Trilling, Lionel. “The Last Lover.” The Moral Obligation to Be Intelligent, Edited by Leon Wieseltier. New York: Farrar, Straus, and Giroux, 2000. 354-371.
Trilling’s 1958 essay argues that Nabokov’s Lolita is a love story in the traditional sense of that phrase. The essay is divided into four parts: In sections 1 and 2, Trilling suggests that although Lolita is not pornographic, it is nevertheless shocking. Section 3 observes the way Lolita provokes our outrage, both for its depiction of pedophilia and for its ability to seduce us into sympathizing with Humbert’s crime. In the end, however, Trilling suggests that Nabokov’s purpose is not satire, but rather to write a loves story. In the article’s last section, Trilling explains how much of western literature has devoted itself to describing what Denis de Rougemont called passion-love, the obsessive, scandalous, and often destructive kind of love that has been replaced by the ideal of the healthy marriage in modern times. Since our society is no longer scandalized by marital infidelity, Nabokov must turn to pedophilia to write a story of modern passion-love. Thus, Lolita is ironically “regressive” and “archaic” (369), despite its shocking subject matter.

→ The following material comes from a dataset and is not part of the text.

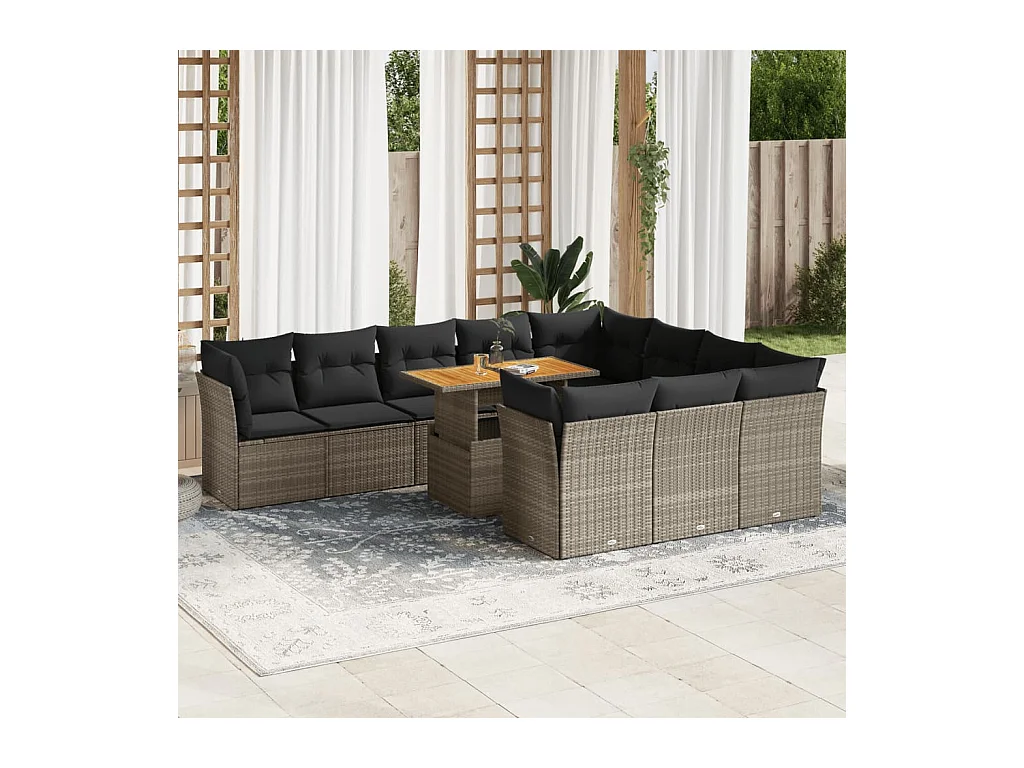 Set di mobili da giardino da 11 pezzi con cuscini in vimini di resina grigia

Donno, Elizabeth Story. “Thomas More and Richard III.” Renaissance Quarterly, Vol. 35, No. 3 (Autumn 1982): 401-47.
Donno reads Thomas More’s Richard III as a paradoxical encomium of the reviled king, arguing that he crafts his history not as Tudor propaganda, but as an epideictic display piece designed to denigrate its subject through “ingenuity and artifice” (418). More uses many rhetorical techniques of sophistical Latin writers of late antiquity to complicate and obscure the motives of his characters and lend to his account a “rippling complexity” against which “his one-dimensional evil protagonist is allowed to stand out starkly” (423). Read this way, Richard III joins Utopia, Erasmus’s Praise of Folly, and Ortensio Lando’s Paradossi as a work which explores of both sides of an argument. In his treatment of the same historical material, Shakespeare responds to More’s “artful, sometimes devious, manipulation of language…and the ironic perspective on human reactions to dynastic rivalry” (443). Though perhaps over-long, Donno’s essay will interest scholars exploring the interaction of sixteenth century rhetoric and literature, as well as those studying More’s influence on Shakespeare.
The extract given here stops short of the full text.